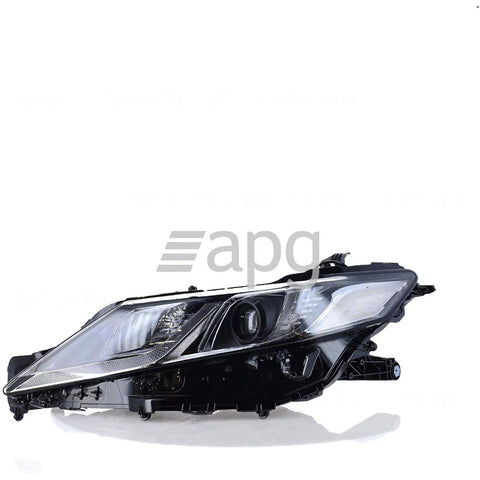 APG All Crash Toyota Camry OEM Head Lamp Passenger Side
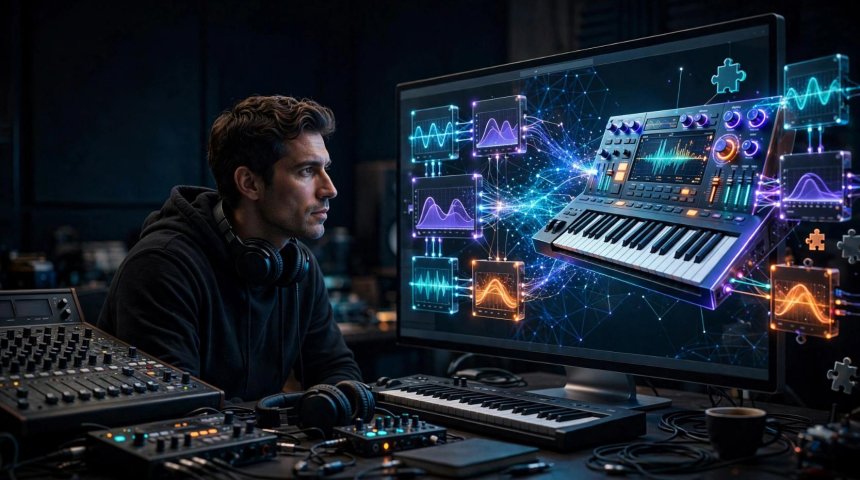 Lunacy Nova: Diese Plattform will Plugins neu erfinden
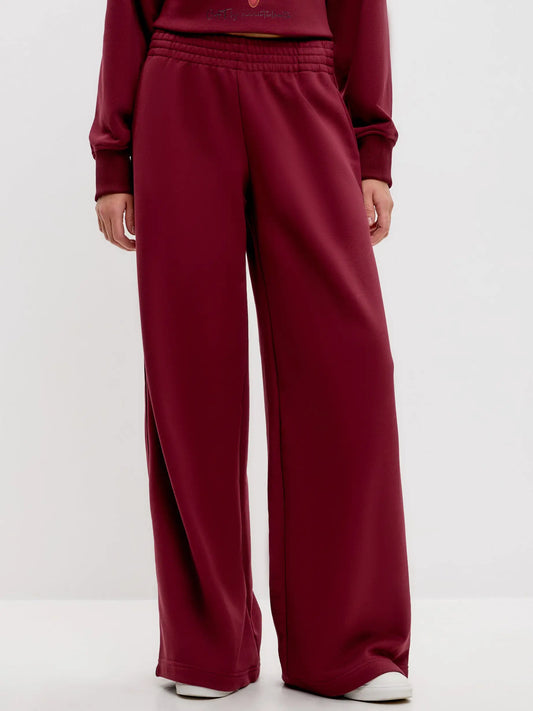 Bordo women’s sweatpants - Funny Cat Bottom | For Cat Lovers | CAT by maniita lacitta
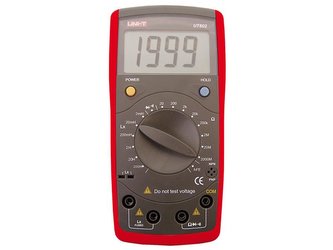 Multimetr UNI-T  UT602 (RL)
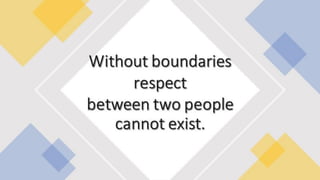 Session 6- Presentation BOUNDARIES.pdf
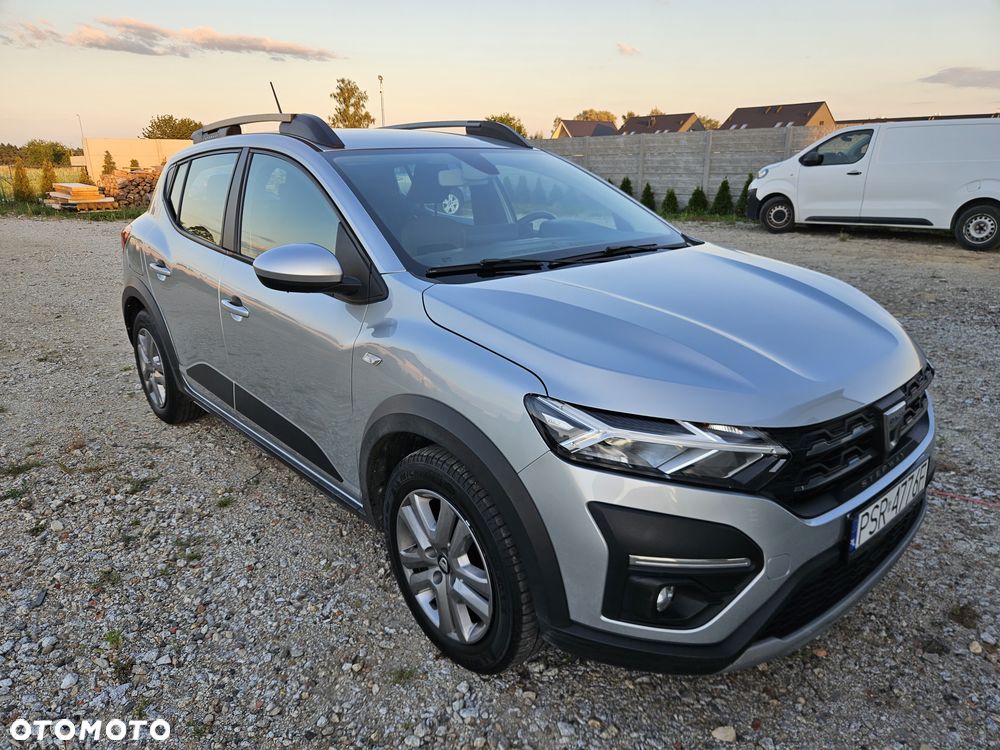 Dacia Sandero - 3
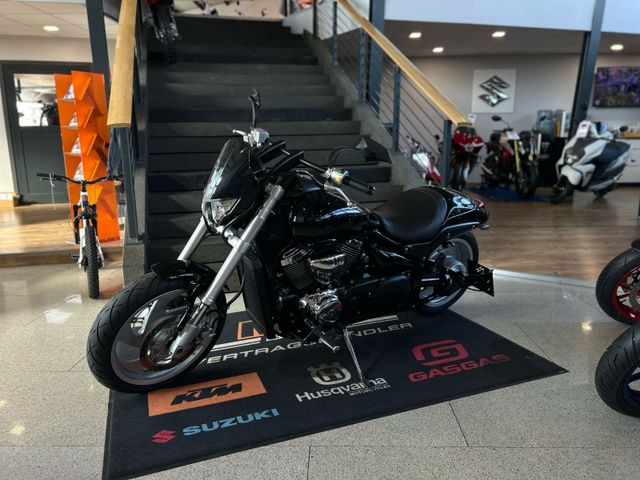 Suzuki Intruder VZ 1500 M  *TÜV & Inspektion NEU*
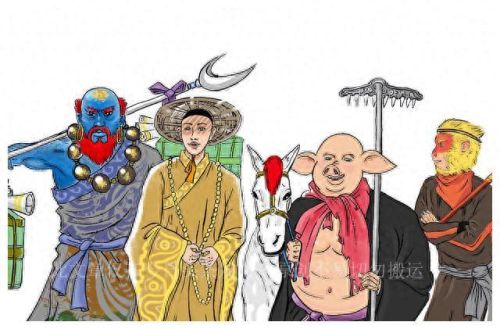 造梦西游3唐僧武器(造梦西游3唐僧混元灵杖装备掉落)插图 造梦西游3唐僧武器(造梦西游3唐僧混元灵杖装备掉落)插图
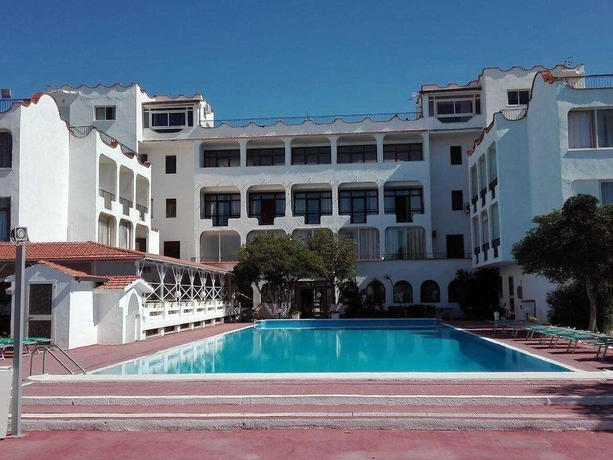 Imagen general del Hotel International Resort. Foto 1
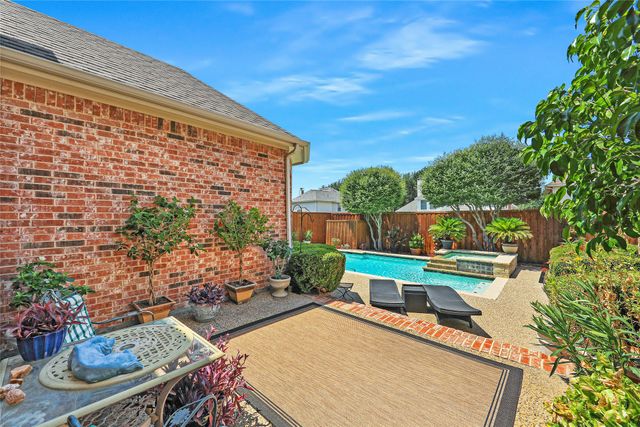 2713 Black Sage Drive, Plano, TX 75093
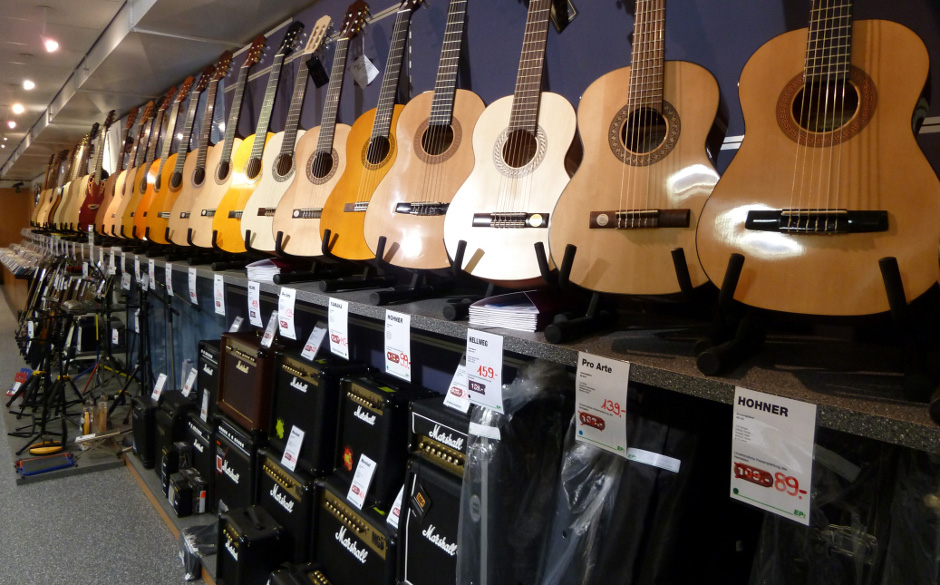 Wie jede Woche reisen wir in unserer Albenvorschau wieder durch die Plattenläden des Landes. Heute empfehlen wir einen Be...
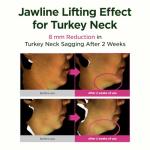 CKD Retino Collagen Gua Sha Neck Cream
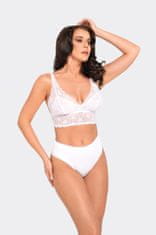 Babell Babell Kalhotky 193_1 White L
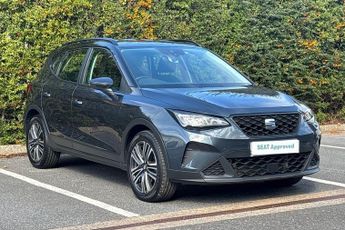 SEAT Arona 1.0 TSI 110 SE Technology 5dr DSG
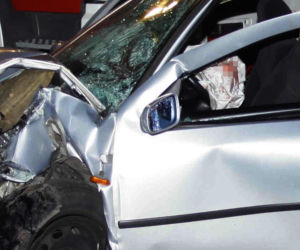 Tadeusz zginął próbując ratować Perełkę. Nocna podróż samochodem zakończona tragedią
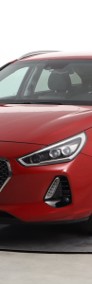 Hyundai i30 II , Salon Polska, 1. Właściciel, Serwis ASO, Klimatronic,-3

Work to be completed
Out of the records above, return only the lines from the one with "Bordo women’s sweatpants" through the one with "Suzuki Intruder VZ", exactly, and none of the pictures.

Written answer
 Bordo women’s sweatpants - Funny Cat Bottom | For Cat Lovers | CAT by maniita lacitta
 Multimetr UNI-T  UT602 (RL)
 Session 6- Presentation BOUNDARIES.pdf
 Dacia Sandero - 3
 Suzuki Intruder VZ 1500 M  *TÜV & Inspektion NEU*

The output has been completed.